Kalau perlu matikan televisi kalau ada berita tentang Merapi di Yogya. Ini
karena terkadang berita yang kita lihat di televisi terlalu berlebihan dan
berakibat orang yang menontonnya merasa khawatir ataupun cemas. Padahal, yang
terjadi di tempat kejadian tersebut ternyata tidak selalu seperti yang terlihat
di televisi. Satu lagi contohnya, berita tsunami di Jepang pada awal tahun ini.
Beritanya memang cukup menggemparkan.
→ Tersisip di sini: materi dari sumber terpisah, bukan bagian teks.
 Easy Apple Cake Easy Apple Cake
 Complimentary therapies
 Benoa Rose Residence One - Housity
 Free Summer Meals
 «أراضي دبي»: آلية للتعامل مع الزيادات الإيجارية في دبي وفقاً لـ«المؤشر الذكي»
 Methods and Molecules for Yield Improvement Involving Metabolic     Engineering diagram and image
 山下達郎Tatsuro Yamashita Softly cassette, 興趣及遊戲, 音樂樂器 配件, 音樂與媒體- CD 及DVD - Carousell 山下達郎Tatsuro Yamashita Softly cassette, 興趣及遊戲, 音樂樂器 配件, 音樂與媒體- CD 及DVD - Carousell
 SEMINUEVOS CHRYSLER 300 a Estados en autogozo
Saya pun ingin memastikan pada beberapa
teman saya tentang keadaan sebenarnya di sana. Menurut penjelasan teman saya, memang pada awalnya cukup
memprihatinkan, tapi selebihnya baik-baik saja. Kepercayaan terhadap media pun
–bagi saya- cenderung menurun karena hal ini.
Seperti halnya pula
tabiat pemberitaan yang ada saat ini, Ketika satu berita sedang
hangat-hangatnya dibahas, tak lama kemudian muncul berita baru yang pada
akhirnya menenggelamkan berita sebelumnya. Ketika berita Century sedang
ramai-ramainya diberitakan, muncullah berita tentang Gayus. Ketika Gayus naik
menjadi topik utama, muncul berita Nazaruddin, korupsi wisma atlet dan
lain-lain. Tidak adanya kejelasan tentang penyelesaiannya, tenggelam pula
berita tentang masalah tersebut. Media seharusnya juga menjadi salah satu alat
bagi masyarakat untuk memantau perkembangan yang ada di ranah informasi negeri
kita ini.
Bila boleh saya
tambahkan, media haruslah independen dalam menyoroti berbagai informasi. Jangan
terlalu memihak terhadap satu pihak atau golongan, seperti halnya T**ne yang
sepertinya kering dalam liputan lumpur Lapindo..(^^). Ketika terjadi
kerusuhanyang melibatkan aparat, kadangkala media menyalahkan aparat yang
represif. Saya pikir tugas mereka hanyalah mengemban amanat dari atasan untuk
mengamankan, dan terkadang sampai harus bertaruh nyawa. Dalam situasi tersebut,
mungkin saja pihak aparat yang bersalah tapi bisa saja yang berlawanan dengannya
yang bersalah. Intinya sih, dalam setiap pemberitaan, apapun itu, berikanlah
porsi yang seimbang dari dua sisi dalam menyajikan informasi. Kembalikanlah
kepada masyarakat untuk menilainya sendiri, dan jangan sampai menggiring opini
publik. Sejak era reformasi, kebebasan dalam menyampaikan informasi sangatlah
kita junjung, tapi harus tetap berjalan dalam koridornya. Saya penikmat
berita-berita terkini, dan tetap ingin menikmati berita-berita tersebut tanpa
kegelisahan serta kebimbangan..
...Informasi
adalah sesuatu yang berharga. Berharga bila kita menyampaikannya dengan cermat,
objektif dan transparan...
(NB:akhirnya ngeblog lagi setelah lama non aktif..mulai lagee,ahh!!)